I am sure there is a video highlight of this hit out there, but I really don’t want to watch it again. Daren Willman’s graphic gives you all the gory details. Naquin took an awful route, Coco Crisp looked confused, and Francisco Lindor wondered why his outfielders were not doing their jobs.

The game would have gotten much more out of hand in the sixth inning were it not for Lonnie Chisenhall and his Chisencanon intimidating Blue Jays baserunners. First, Troy Tulowitzki was forced to take a single off a ball that was just a few inches shy of being a home run. Chisenhall collected the ball off the bounce perfectly and shot a rocket to second to hold Tulo at first. Later in the same inning, Chisenhall made a great leaping catch with an equally great route, and he threw a laser to third base to keep Russell Martin from tagging up and advancing.

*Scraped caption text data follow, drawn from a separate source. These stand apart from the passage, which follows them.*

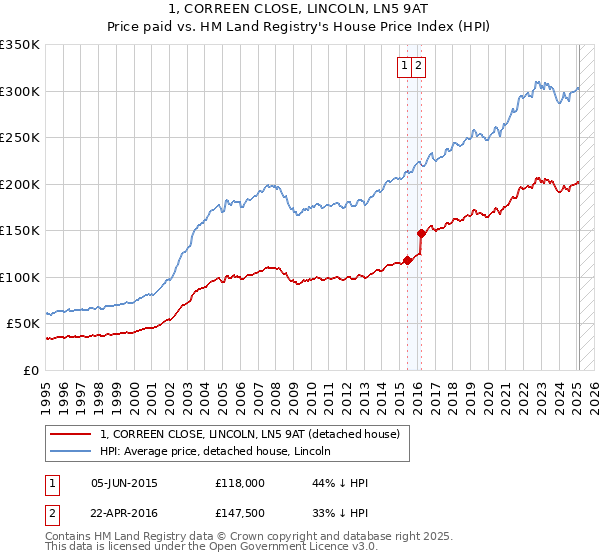 1, CORREEN CLOSE, LINCOLN, LN5 9AT: Price paid vs HM Land Registry's House Price Index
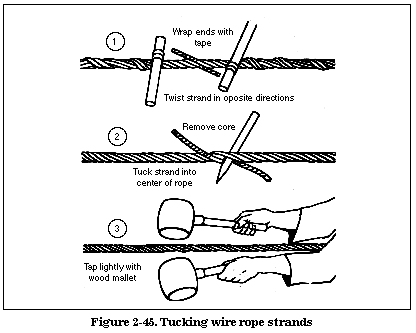 wire rope splicing instructions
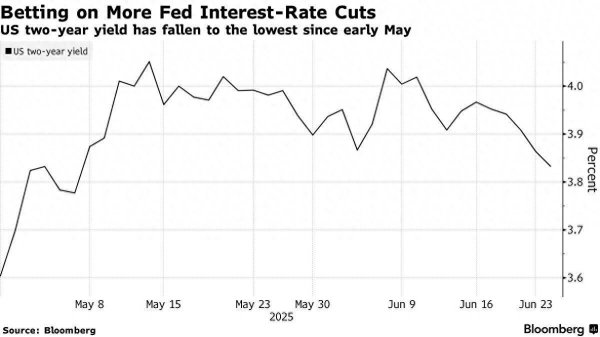 丰云股票 油价下跌及美联储官员鸽派言论提振降息押注 短期美债收益率走低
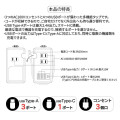 Japan Sanrio Tabletop Power Strip with Usb & Usb-C Ports - Hangyodon - 7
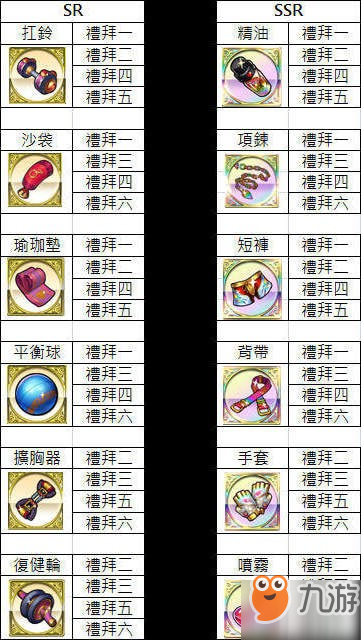 夢幻模擬戰(zhàn)手游兄貴本材料表 可獲取材料一覽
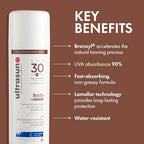 Ultrasun Body Tan Activator SPF30 150ml - Sun Protection Lotion - UVA UVB Sunscreen - Damaged Box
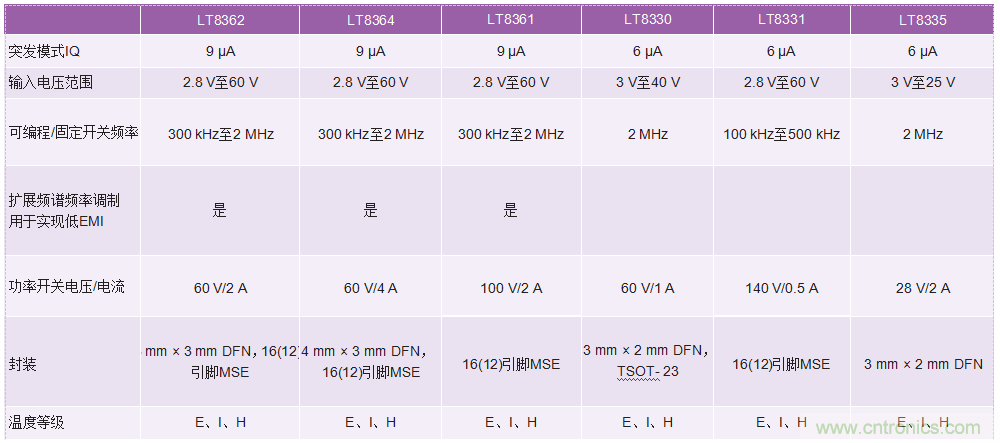 60 V和100 V、低IQ升壓、SEPIC、反相轉換器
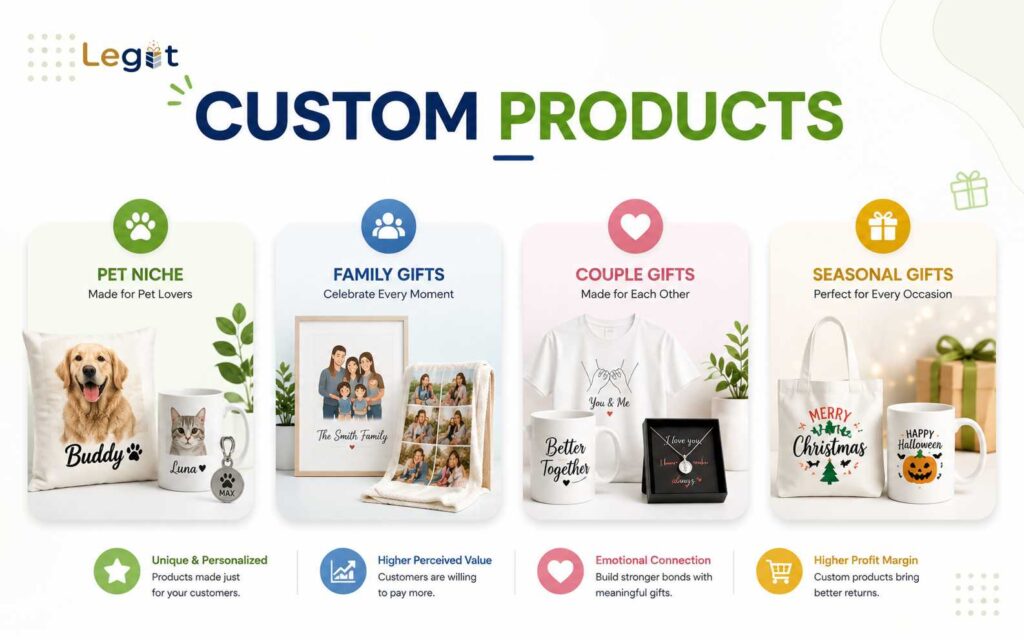 các ngách sản phẩm custom tiềm năng trên Shopify như pet family couple seasonal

It was not a great game. But the good news is, this is hardly a watershed moment for the Blue Jays or any team searching for the Indians’ biggest weakness. Toronto did not exploit anything new; they did not create a Bible on how to finally stop the Chisentober-led Indians. The Indians offense just could not get a lead early enough for the bullpen to lock everything down. Maybe that in itself is an exploitable weakness. I guess if the Blue Jays really want to take credit for figuring out that the Indians can’t win unless they score runs then more power to them.

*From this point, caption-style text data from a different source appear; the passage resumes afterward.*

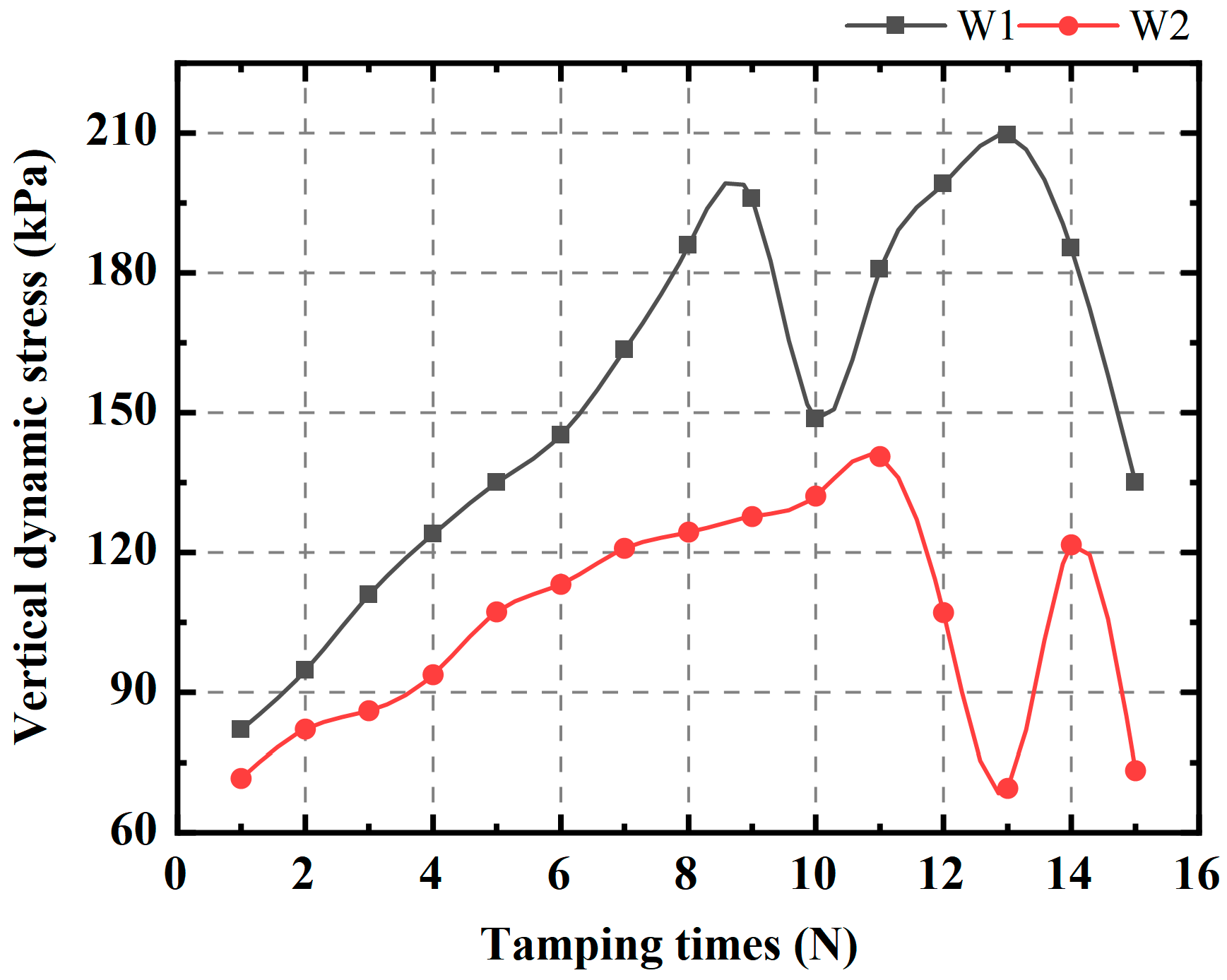 Buildings 14 03090 g009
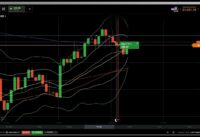 ✊ Support and Resistance: support and resistance trading, 200 EMA trading strategy, 50 EMA support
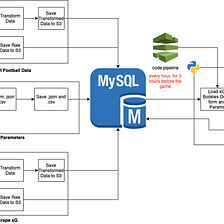 Machine Learning for Sports Betting: It's Not a Basic Classification  Problem., by Charles Malafosse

Things will not get easier for the Tribe from here on out, though. Ryan Merritt will make just the second start of his career tomorrow, followed by Josh Tomlin and then Corey Kluber on short rest again as needed. All with a bullpen that, no matter how good it has been this postseason, has to be getting a bit taxed at this point.

The Blue Jays’ backs are against the wall, but they have a hand on it ready to push off. Time to... low kick their shins — ok I lost myself on this analogy. Just beat the god damn Blue Jays.